I’m performing node classification using the WikipediaNetwork dataset. The problem is that the shape of the train_mask is [2277,10] but I want a shape equal to [2277].
The code that I’m using is the following one:
def train():
model.train()
data = model.data
optimizer.zero_grad() # Clear gradients.
out = model(data.x, data.edge_index) # Perform a single forward pass.
loss = criterion(out[data.train_mask], data.y[data.train_mask]) # Compute the loss solely based on the training nodes.
loss.backward() # Derive gradients.
optimizer.step() # Update parameters based on gradients.
return loss
The error that I obtain is the following one:
The shape of the mask [2277, 10] at index 1 does not match the shape of the indexed tensor [2277, 5] at index 1
In other words, for some reason your mask is not only on the first dim, which is the problem. Maybe they used an older version of Pytorch when developing their scripts.
Without seeing their definition for this object call, it’s not possible to identify the error.
Your code seems to have loaded the dataset, and specified what data you want. But I do not see where you have put your data into a dataloader. Please see here:
from torch_geometric.datasets import Planetoid
from torch_geometric.loader import NeighborLoader
data = Planetoid(path, name='Cora')[0]
loader = NeighborLoader(
data,
# Sample 30 neighbors for each node for 2 iterations
num_neighbors=[30] * 2,
# Use a batch size of 128 for sampling training nodes
batch_size=128,
input_nodes=data.train_mask,
)
sampled_data = next(iter(loader))
print(sampled_data.batch_size)
>>> 128
Hi Antonio!
I ran into the same problem with the WebKB dataset.

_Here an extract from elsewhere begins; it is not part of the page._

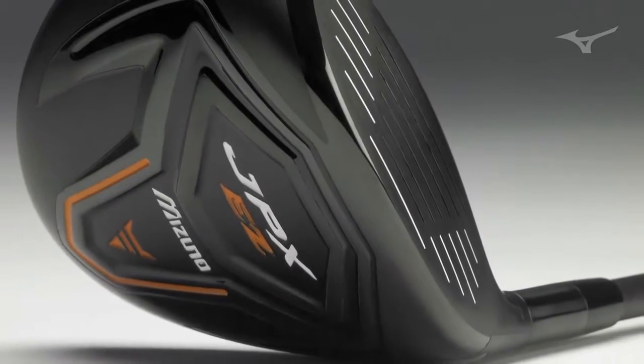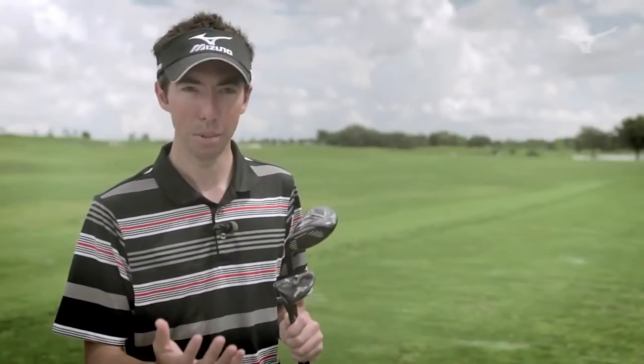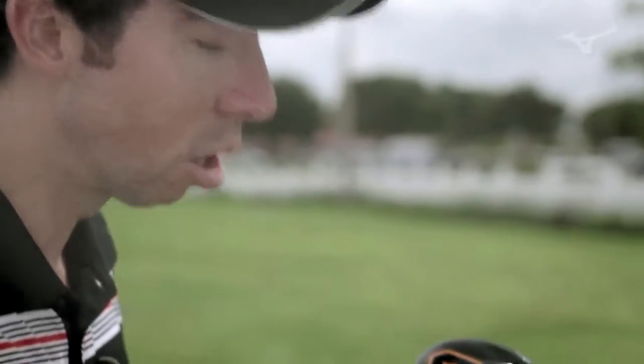Right now I'm holding the JPX EZ fairway and hybrid. These are exciting golf clubs for us because they really enhance the EZ line. Compared to traditional MP golf clubs, they're a little bit larger footprint — longer from heel to toe on both the fairway and hybrid, and also longer from front to back.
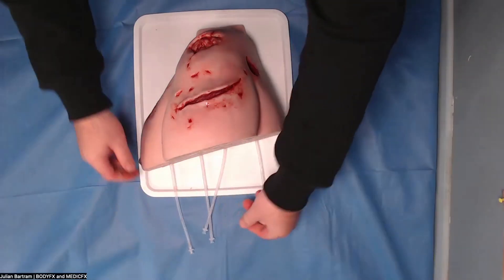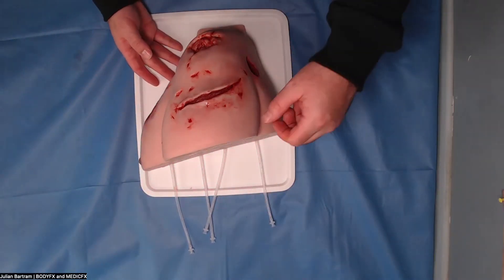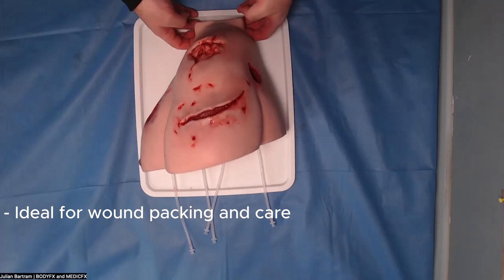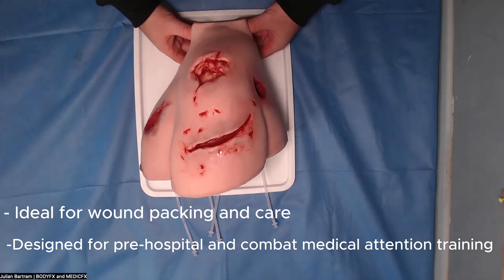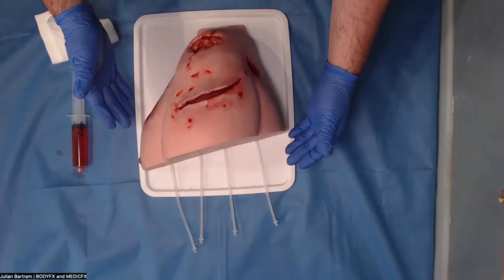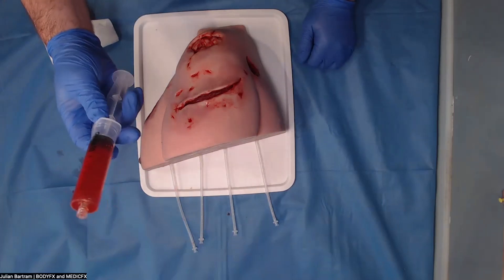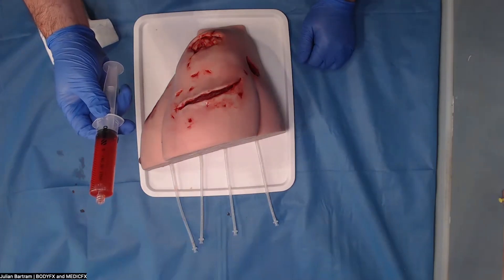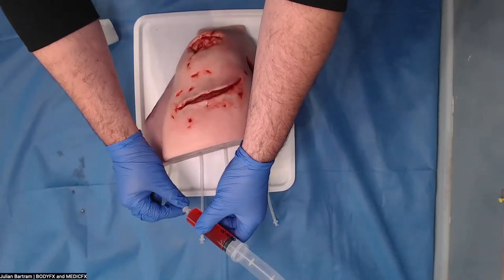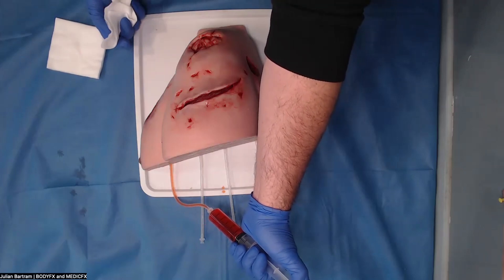Each of these wounds bleeds individually. I will demonstrate that shortly. It's a very good trainer for wound packing and wound care, particularly for the pre-hospital environment or for training combat medics. The model comes in the box with four 50mm syringes. For this demonstration I'm just going to be using a 30mm syringe, which attaches via the standard luer lock connectors here.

So, what’s happening here is that, instead of just one split, the authors of the dataset have made ten random splits of the dataset for train, validation and test nodes. If you print out the data.train_mask, you’ll see that it’s a boolean tensor. If you take data.train_mask[:, 0], you’ll get data as per the 0th random split for train, val, and test nodes. It’s just for randomization.
So, you can do data.train_mask = data.train_mask[:, 0]. Similarly for val and test masks.
Or, you can iterate over all the splits: data.train_mask[:, 0], data.train_mask[:, 1], ... and so on. You’ll then average the metrics you receive over each split.